I am not argueing to NOT size the drive for the job. I am stating my belief that a properly sized drive, NOT oversized just in case, will handle the job.

If the drive spends a LONG time running at the high torque levels, then a larger size is definately appropriate for additional cooling and some redundency.
 
A year ago we changed a 60 inch rubber mill over to a drive. It had 150 Hp at 720 rpm, we where a little concerned about the starting torque, but have had no trouble. It has worked like a dream. In sizing the drive we went by motor current and the drive says 250 hp instead of 150 hp. We used to break knockouts on this mill several times a year and haven`t lost a one since going to a drive.We have also changed several old slip ring motors on metal rollers to drives and on these applications you need the torque Dick was talking about. One of them was a 75 hp slip ring and we just shorted the rings the others where smaller. None of the operators have complained about losing power, so they must still have enough starting torque. I wish we had drives on all our mills!
 
Okie, that's a good point about stopping. That would mandate full capacity snubber braking on the drive as well.
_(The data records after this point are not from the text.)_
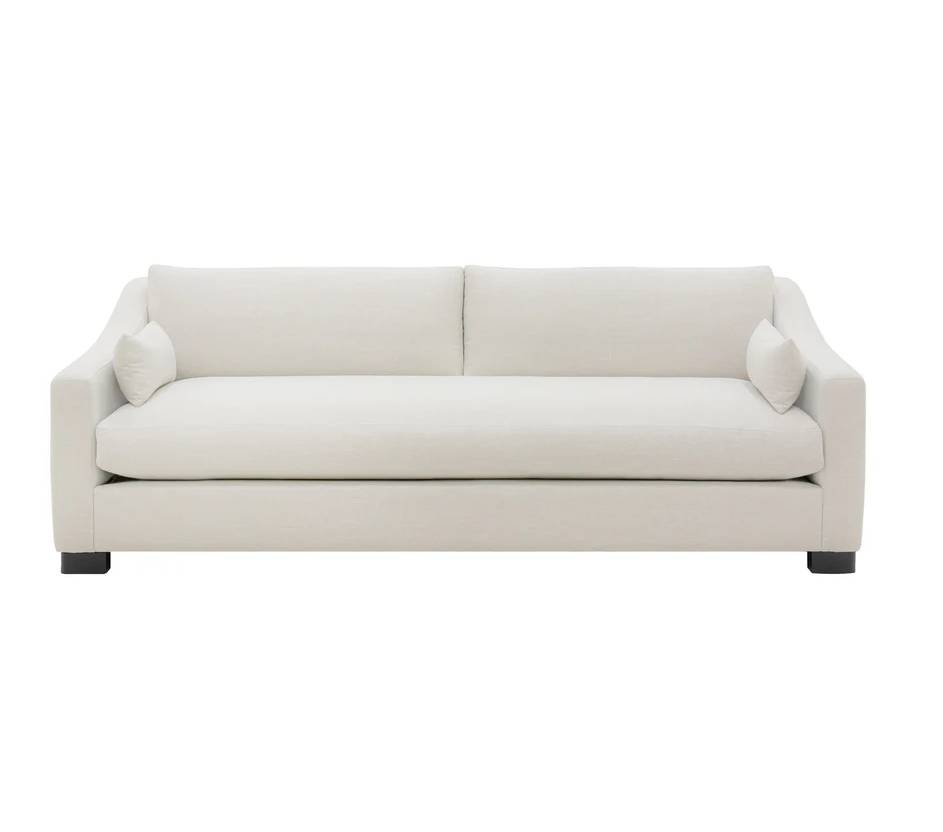 Stirling Sofa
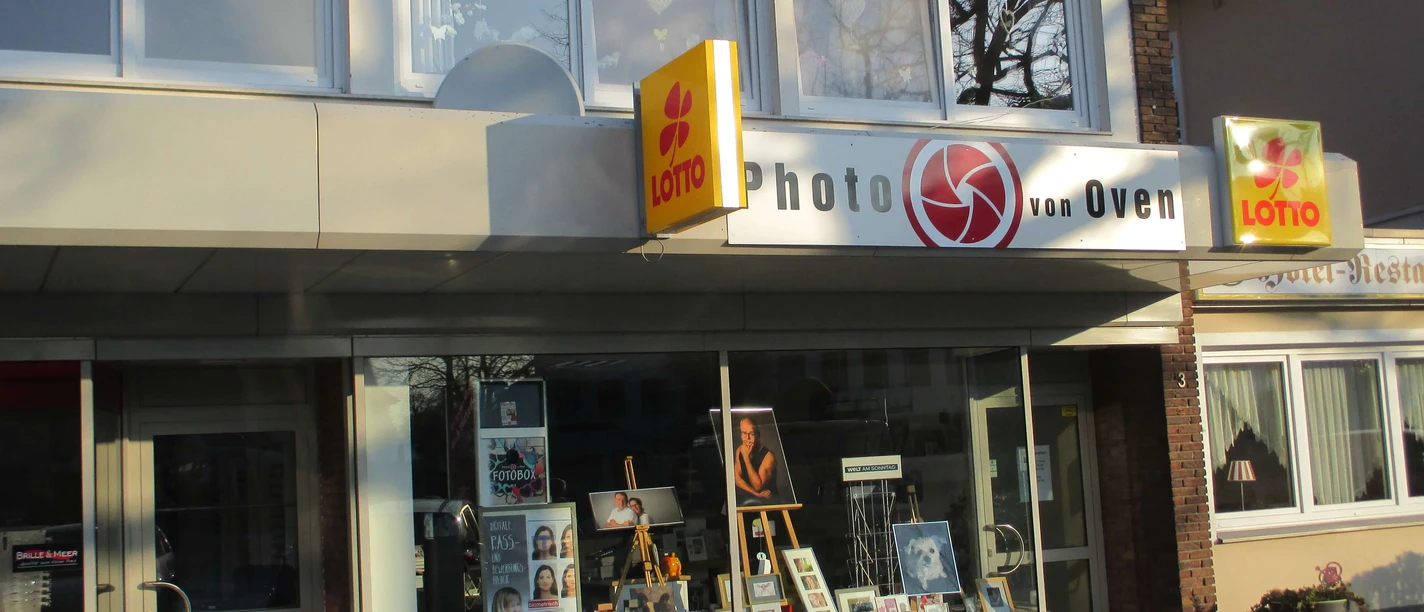 photo-von-oven-fassade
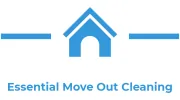 Essential Move Out Cleaning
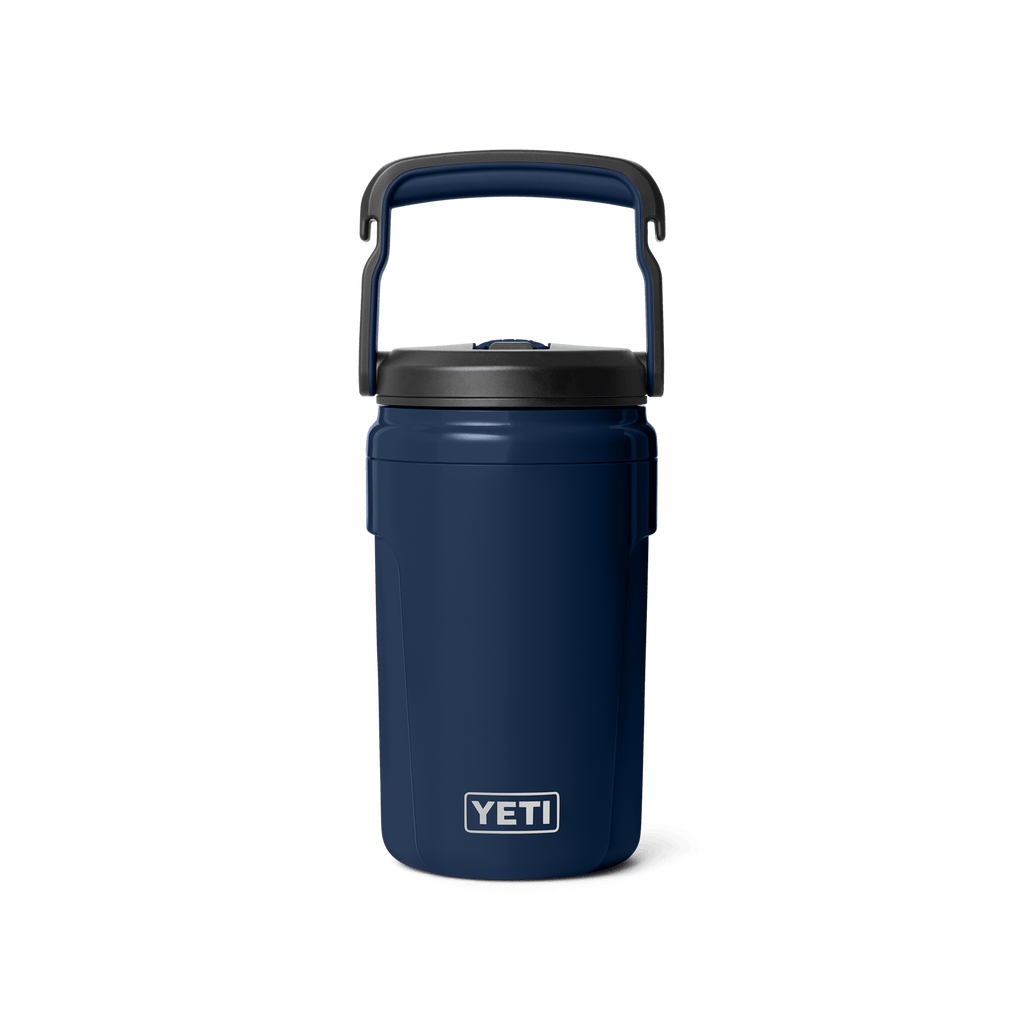 Silo 40 oz Jug - Preferred Pick wA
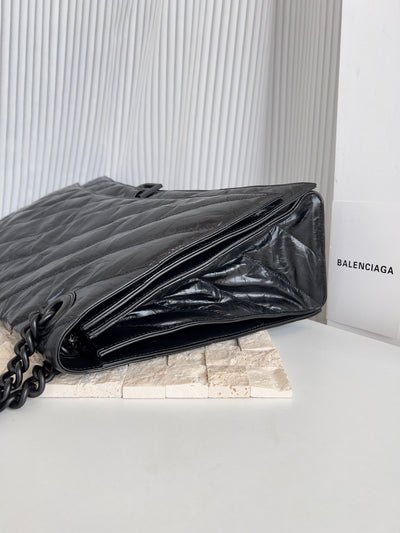 BLCG Crush Handbag
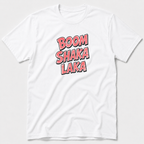 Boom Skakalaka T-Shirt
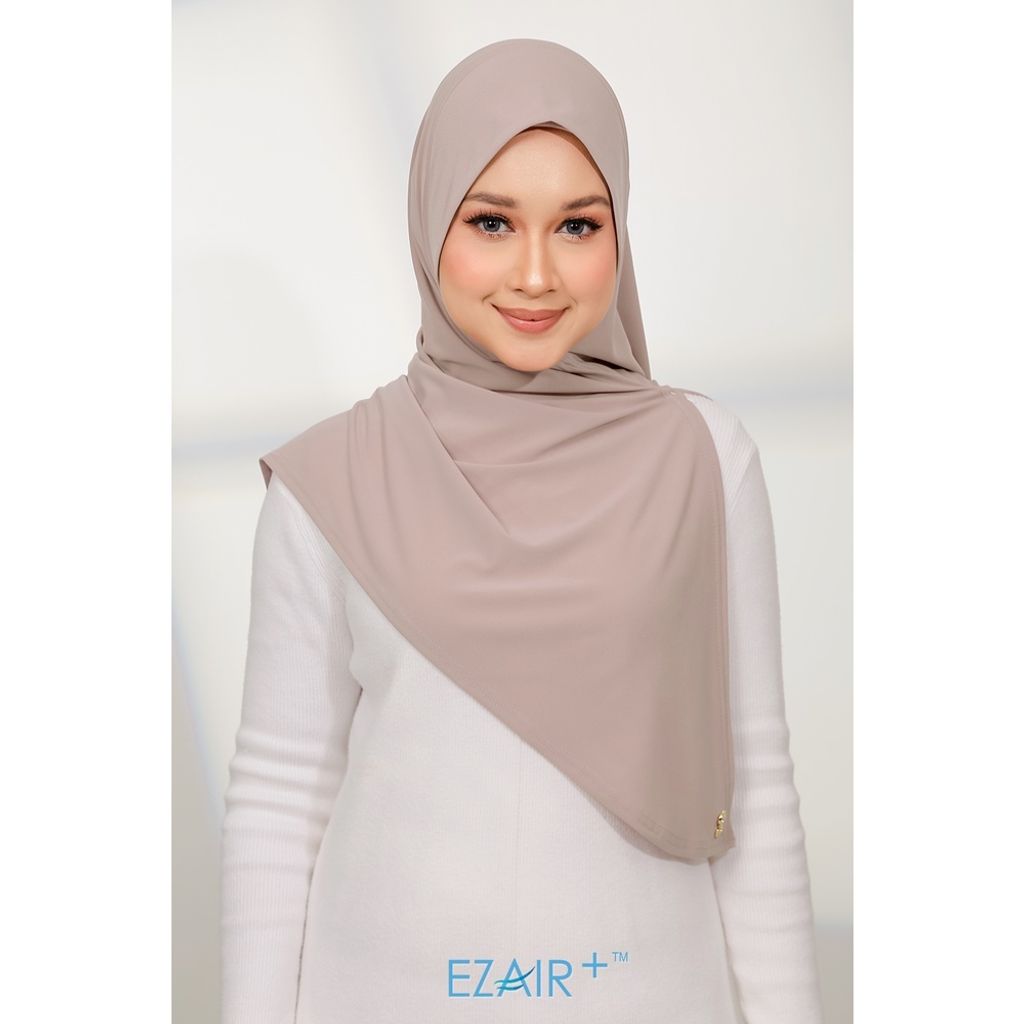 7eb37547f6fcd2d6d21ff6cf70f356e8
Leadfoot, if you size the drive to motor FLA, then you have completely ignored the shortterm overload issues. On many applications, that would not be a problem but where there are heavy shortterm overloads, it is simply a mistake.

If, for example, you use the motor FLA and size the drive using the normal duty or variable torque rating, you will get only 10% motor overload capacity for 1 minute in 10 minutes. That's clearly not enough in this application.

If , on the other hand, you use the motor FLA and size the drive using the heavy duty or constant torque rating, the drive will be bigger and the shortterm overload will be 50% for 1 minute in 10 minutes. Still not enough in this case.

A NEMA Design B motor will normally develop around 220% torque at breakdown. At that torque the current will have risen to about 240% of FLA. If you expect to get breakdown torque out of that motor, you had better have selected a drive that can provide the 240% current, however many amps that is, for as long as the application requires that the torque be there. Note that there is no regard here for motor hp. You must size the drive for the peak current required.

That's about as simple as I can make it. I hope the logic is clear.
 
The Stator is 150Amps at 400Vac

If we go down this route then the rotor will be shorted out at the windings.

I will be visiting site to take a look at the old panel on wednesday, will keep you informed.

Dick - Question for you on Invertor braking

On the old system the reversing starter plugged the reverse contactor if the bar in front of the mill is hit. Apparently the motor stops dead. Will the Invertor do as good a job ?
 
Again, if the inverter and snubber is sized correctly, then I would expect the braking torque to be around 180% of nameplate. That plus the friction losses should give you essentially torque limit stopping which is all the motor can deliver even when plugged. More torque than that and I would have to be concerned about damaging the rest of the power train.

One other thing, 504bloke, check to see if the existing motor is belt coupled or chain/sprocket coupled to the roll mill and let us know.
 
DickDV,

I am used to mostly CT drives and the 150% overload ratings. I also see what you were trying to get me to understand now. When you say snubber, what do you mean DB or RC type network?

504 Bloke,

I have seen a few VFD's and instant stopping. Lots of DB were involved and reversing was not an issue either.
 
DickDV said:
Second, this is a twelve pole motor so current, especially magnetizing current, is considerably higher than a four pole motor of the same hp.


Are you saying the nameplate current changes with the number of poles? That is given the same nameplate voltage and HP rating, the nameplate current changes when going from 4 poles to 8 poles to 12 poles?
 
Are you saying the nameplate current changes with the number of poles? That is given the same nameplate voltage and HP rating, the nameplate current changes when going from 4 poles to 8 poles to 12 poles?

Yes, both power factor and efficiency fall when number of poles rises. Going from a 4 pole to a 12 pole will result in a current increase of approx. 15% to 20%.